Brief ▸
Only the lines from the one holding "Cashew Kernel" through the end of the material are to be repeated, exactly and without pictures.

Entries provided ▸
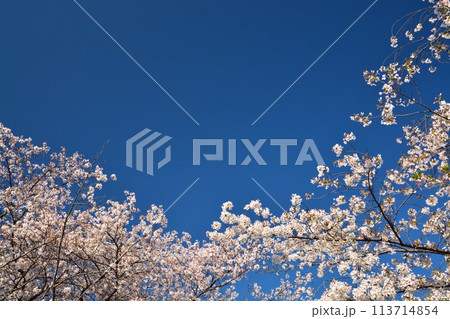 青空と満開の桜 青空と満開の桜 113714854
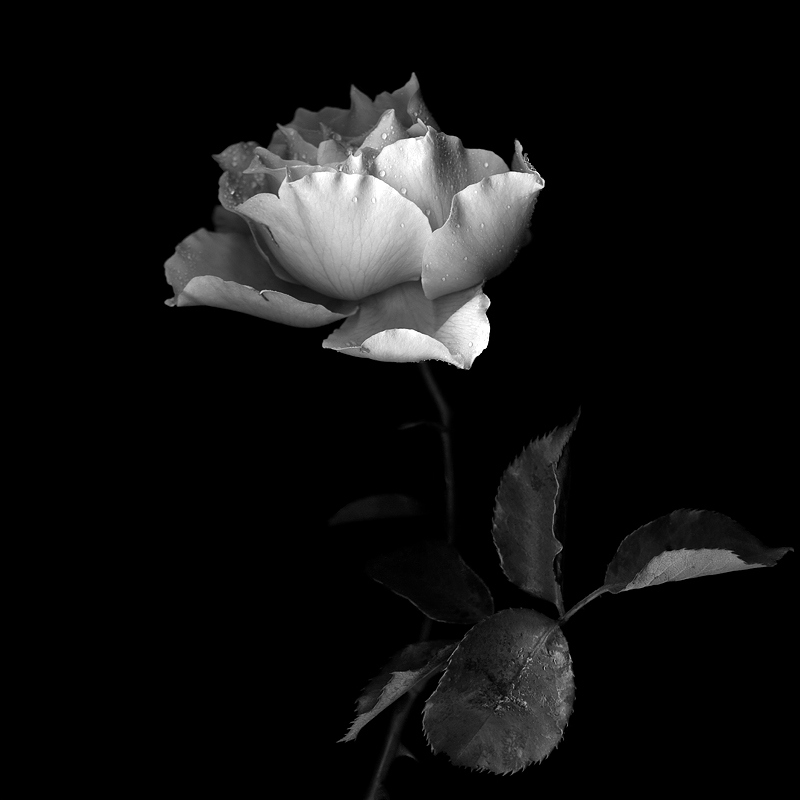 白色玫瑰图片 伤感图片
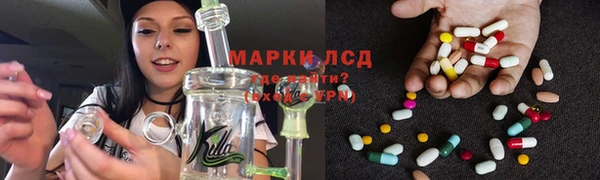 PSILOCYBIN Балахна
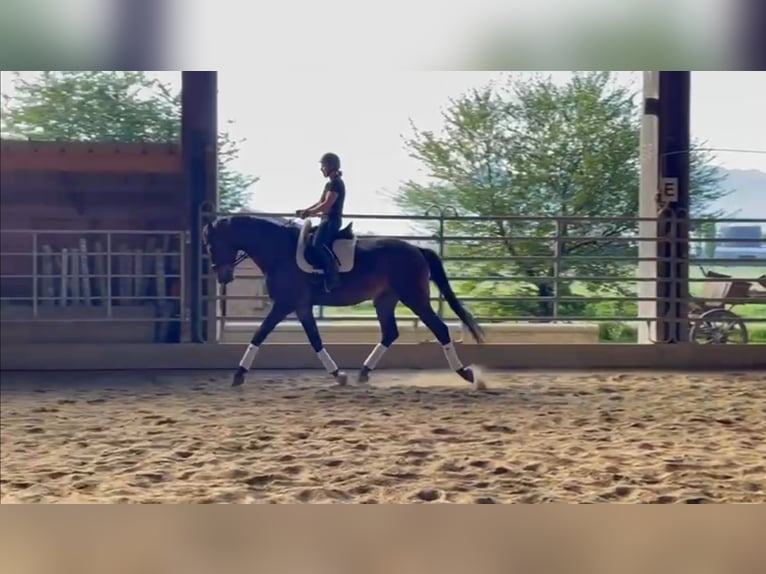 Wuerttemberg Gelding 7 years 18 hh Brown in Lindau (Bodensee)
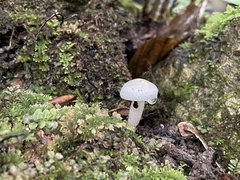 Cuphophyllus virgineus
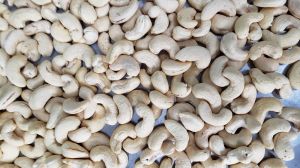 Cashew Kernel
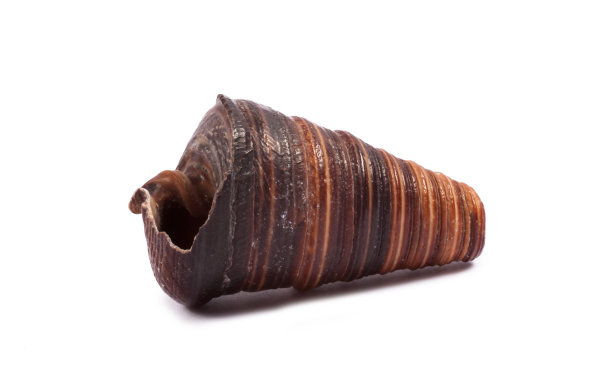 白色背景上孤零零的贝壳图片下载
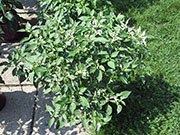 Fish Pepper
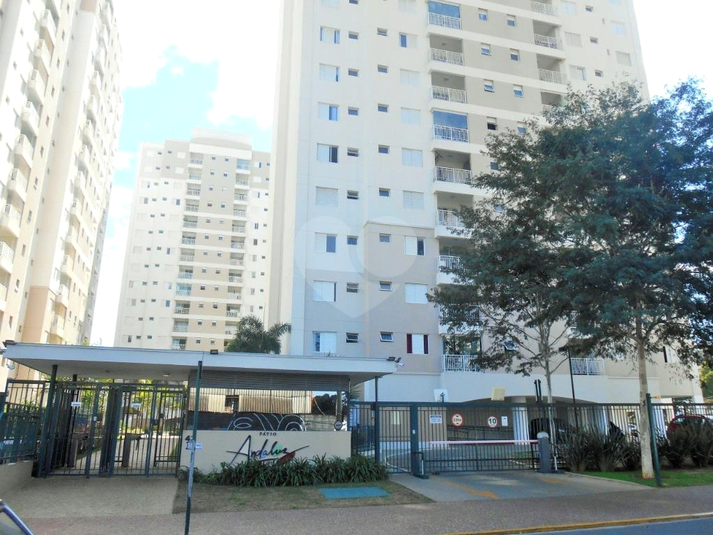 Foto REO478786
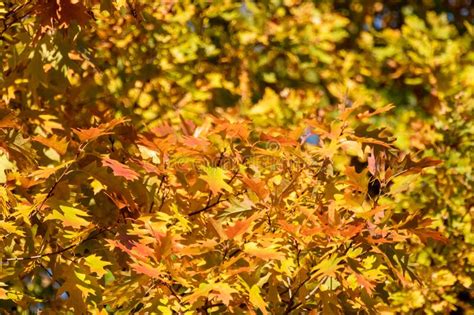 Autumn Bright Leaves On Oak Tree Branches Close Up Stock Photo Image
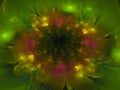 Fractal abstract flower beautiful dream color fantasy effect dark wallpaper blossom unique dynamic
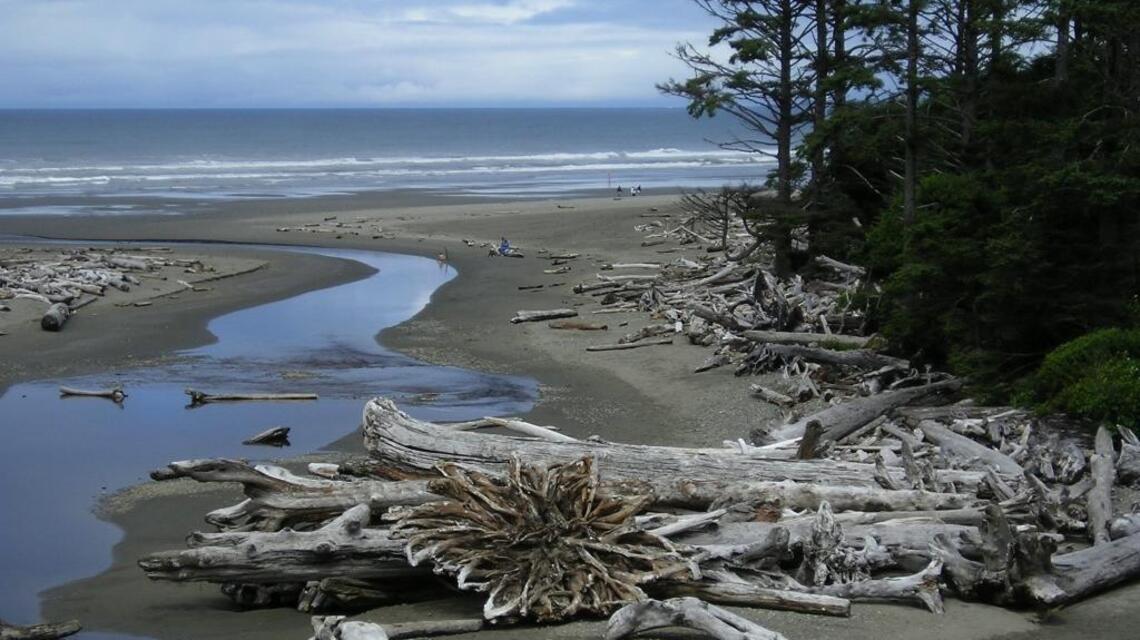 2 Washington state road trips with ‘stunning views’ ranked among best in the US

Finished task ▸
 Cashew Kernel
 白色背景上孤零零的贝壳图片下载
 Fish Pepper
 Foto REO478786
 Autumn Bright Leaves On Oak Tree Branches Close Up Stock Photo Image
 Fractal abstract flower beautiful dream color fantasy effect dark wallpaper blossom unique dynamic
 2 Washington state road trips with ‘stunning views’ ranked among best in the US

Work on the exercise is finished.